Can templates be used to access struct variables by name?

Question

Let's suppose I have a struct like this:

struct my_struct
{
  int a;
  int b; 
}

I have a function which should set a new value for either "a" or "b". This function also requires to specify which variable to set. A typical example would be like this:

void f(int which, my_struct* s, int new_value)
{
  if(which == 0)
     s->a = new_value;
  else
     s->b = new_value; 
}

For reasons I won't write here I cannot pass the pointer to a/b to f. So I cannot call f with address of my_struct::a or my_struct::b. Another thing I cannot do is to declare a vector (int vars[2]) within my_struct and pass an integer as index to f. Basically in f I need to access the variables by name.

Problem with previous example is that in the future I plan to add more variables to struct and in that case I shall remember to add more if statements to f, which is bad for portability. A thing I could do is write f as a macro, like this:

#define FUNC(which)
void f(my_struct* s, int new_value) \
{ \
        s->which = new_value; \
} 

and then I could call FUNC(a) or FUNC(b).

This would work but I don't like using macros. So my question is: Is there a way to achieve the same goal using templates instead of macros?

EDIT: I'll try to explain why I cannot use pointers and I need access to variable by name. Basically the structure contains the state of a system. This systems needs to "undo" its state when requested. Undo is handled using an interface called undo_token like this:

class undo_token
{
public:
   void undo(my_struct* s) = 0;
};

So I cannot pass pointers to the undo method because of polymorphism (mystruct contains variables of other types as well).

When I add a new variable to the structure I generally also add a new class, like this:

class undo_a : public undo_token
{
  int new_value;
public:
  undo_a(int new_value) { this->new_value = new_value; }
  void undo(my_struct *s) { s->a = new_value}
};

Problem is I don't know pointer to s when I create the token, so I cannot save a pointer to s::a in the constructor (which would have solved the problem). The class for "b" is the same, just I have to write "s->b" instead of s->a

Maybe this is a design problem: I need an undo token per variable type, not one per variable...

Answer 1

To answer the exact question, there is, but it's pretty complicated, and it will purely be a compile-time thing. (If you need runtime lookup, use a pointer-to-member - and based on your updated question, you may have misunderstood how they work.)

First, you need something you can use to represent the "name of a member" at compile time. In compile-time metaprogramming, everything apart from integers has to be represented by types. So you'll use a type to represent a member.
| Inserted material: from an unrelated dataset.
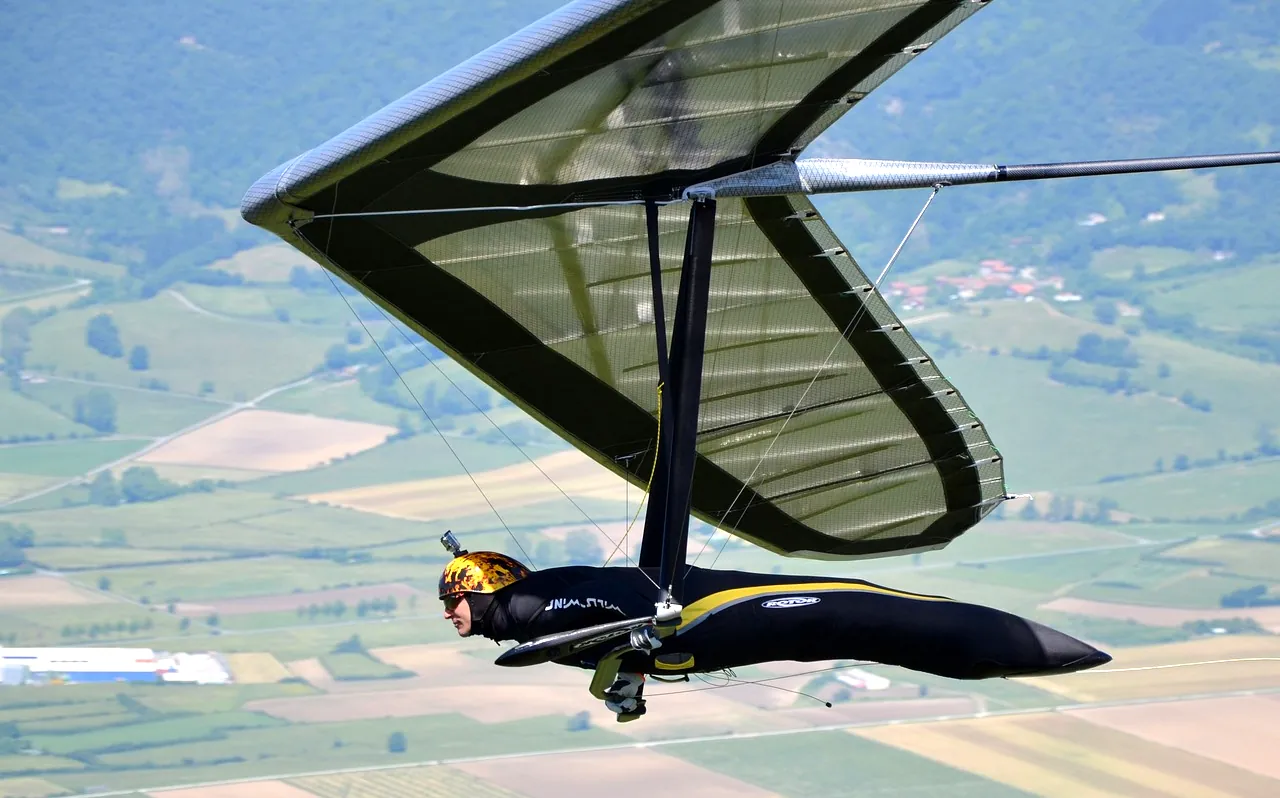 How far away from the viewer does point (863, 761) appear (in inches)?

For example, a member of type integer that stores a person's age, and another for storing their last name:

struct age { typedef int value_type; };
struct last_name { typedef std::string value_type; };

Then you need something like a map that does lookup at compile time. Let's called it ctmap. Let's give it support for up to 8 members. Firstly we need a placeholder to represent the absence of a field:

struct none { struct value_type {}; };

Then we can forward-declare the shape of ctmap:

template <
    class T0 = none, class T1 = none,
    class T2 = none, class T3 = none,
    class T4 = none, class T5 = none,
    class T6 = none, class T7 = none
    >
struct ctmap;

We then specialise this for the case where there are no fields:

template <>
struct ctmap<
    none, none, none, none,
    none, none, none, none
    >
{
    void operator[](const int &) {};
};

The reason for this will be come clear (possibly) in a moment. Finally, the definition for all other cases:

template <
    class T0, class T1, class T2, class T3,
    class T4, class T5, class T6, class T7
    >
    struct ctmap : public ctmap<T1, T2, T3, T4, T5, T6, T7, none>
    {
        typedef ctmap<T1, T2, T3, T4, T5, T6, T7, none> base_type;

        using base_type::operator[];
        typename T0::value_type storage;

        typename T0::value_type &operator[](const T0 &c)
        { return storage; }
};

What the hell's going on here? If you put:

ctmap<last_name, age> person;

C++ will build a type for person by recursively expanding the templates, because ctmap inherits from itself, and we provide storage for the first field and then discard it when we inherit. This all comes to a sudden stop when there are no more fields, because the specialization for all-none kicks in.

So we can say:

person[last_name()] = "Smith";
person[age()] = 104;

It's like looking up in a map, but at compile time, using a field-naming class as the key.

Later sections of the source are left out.